Qué frío che. Me voy a quedar un rato más en la cama. Mejor ni abro los ojos así no me despierto. Qué boludo, debería haber cerrado la ventana. Este viento me va a congelar. Y el sol, el sol de mierda que pasa a través de los párpados. La puta madre. Ya sé: me levanto, la cierro y vuelvo corriendo a la cama. Ni abro los ojos, llego de memoria, así no me despabilo más. Listos, preparados, ¡ya! Me paro y salgo corriendo por el cuarto hacia la ventana. Golpe en la rodilla. La puta madre, ¿qué puse acá? Abro los ojos y AAAAAAAAAAAAAAAAHHHHHHHHHHHHHHHH LA CONCHA DE MI VIEJAAAAAAAAAAAAAAAAAAAAAAAAAAAAAAAAAAAAAAAAAAA. Estoy en el borde de un precipicio. Me agacho, no sé, el instinto. Del cagaso me transpiré en un segundo toda la ropa. Estoy en una terraza, hay una cama con frazadas, una jarra con agua y un vaso al lado. Pero no sé, debe ser el piso 50. Ah, la burundanga. Viejos del orto. ¿Dónde carajo me dejaron? Vuelvo a la cama gateando. Tengo tanto vértigo que no me puedo ni parar. Menos mal que me choqué con esa maceta de mierda, si no ya hubiera hecho mi agujero en planta baja como el coyote del correcaminos contra la piedra. Me tapo. La ropa toda chivada y el viento me dieron más frío. Hay algo debajo de la almohada. Un papel. Es una nota: “Alberto, le pedimos mil disculpas. Con esa jarra de agua pasa el día de hoy. Cuidelá. Mañana le llevamos otra. Besos. Los abuelitos.” Los abuelitos y la reputísima madre que los remil parió. Ruido. Uh. Bocha de ruido. ¿Qué me falta? ¿Un terremoto? ¿Un avión que se estrelle contra este edificio de mil pisos y nos haga cagar la fruta a todos? Dale, mandameló. Listo. Soy adivino. Un helicóptero que parece planea aterrizar sobre mi cabeza. Hace un viento insoportable. ¿Este helicóptero de mierda posta va a aterrizar acá? Me meto debajo de la cama. Se escucha el ruido insoportable. Desde ahí de pronto veo una soga que se mueve. Una soga con un gancho. Viene de arriba. Me asomo. Colgada del helicóptero Lin me hace señas. Ahhh boeeeeeeee. Listo chicos, soy feliz de nuevo. Lin viene a rescatarme en helicóptero. ¿Cómo llegamos a esto? Me hace señas para que me agarre de la soga. Me agarro, me ajusto el gancho al cinturón, a la una, a las dos, a las tres, estoy volando. Vuelo colgado de una soga por encima de la ciudad. Soy Indiana Jones. Empiezo a trepar y Lin me ayuda a subir. Me abraza. Va a la cabina, saca el piloto automático, se pone los auriculares y conduce. ¿Lin conduce helicópteros? Listo, tachame la doble.

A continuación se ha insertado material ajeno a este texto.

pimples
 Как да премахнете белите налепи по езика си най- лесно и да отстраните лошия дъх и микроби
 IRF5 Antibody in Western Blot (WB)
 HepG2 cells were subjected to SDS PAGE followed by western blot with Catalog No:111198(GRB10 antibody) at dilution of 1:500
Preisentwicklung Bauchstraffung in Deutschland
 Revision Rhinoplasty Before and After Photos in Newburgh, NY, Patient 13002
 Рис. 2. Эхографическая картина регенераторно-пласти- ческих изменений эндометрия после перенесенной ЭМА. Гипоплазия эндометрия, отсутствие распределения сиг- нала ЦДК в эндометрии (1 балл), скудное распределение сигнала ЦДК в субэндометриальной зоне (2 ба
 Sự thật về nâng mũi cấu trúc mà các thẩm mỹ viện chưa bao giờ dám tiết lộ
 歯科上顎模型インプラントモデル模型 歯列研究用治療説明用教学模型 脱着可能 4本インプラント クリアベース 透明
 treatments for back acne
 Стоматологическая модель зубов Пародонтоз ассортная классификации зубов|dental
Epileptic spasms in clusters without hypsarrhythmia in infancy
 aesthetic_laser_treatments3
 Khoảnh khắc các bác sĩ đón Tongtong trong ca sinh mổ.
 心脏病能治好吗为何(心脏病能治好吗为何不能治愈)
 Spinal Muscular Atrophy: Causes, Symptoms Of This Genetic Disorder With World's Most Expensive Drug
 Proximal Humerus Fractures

Lin: -Jefe Alberto, disculpar Lin tardar en venir. Estaba detrás de la pista. Ya tengo el mapa de recorrido.
Yo: -Lin, no sé de qué me hablás.
Lin: -Ajuste cinturón jefe. La ruta del kanikama. Vamos para Brasil.

Por el amor de dios, que alguien esté filmando todo esto. Lin dobla y es como estar en una hamaca gigante con un estómago gigante que se apachurra de vértigo. Nos metemos en las nubes. ¿Cómo se verá desde afuera? Lin manejando, yo de copiloto y el helicóptero que se pierde entre las nubes rumbo a Brasil…

Julito, querido, a la vuelta te traigo unos garotos. Mientras tanto, lustrate la chota.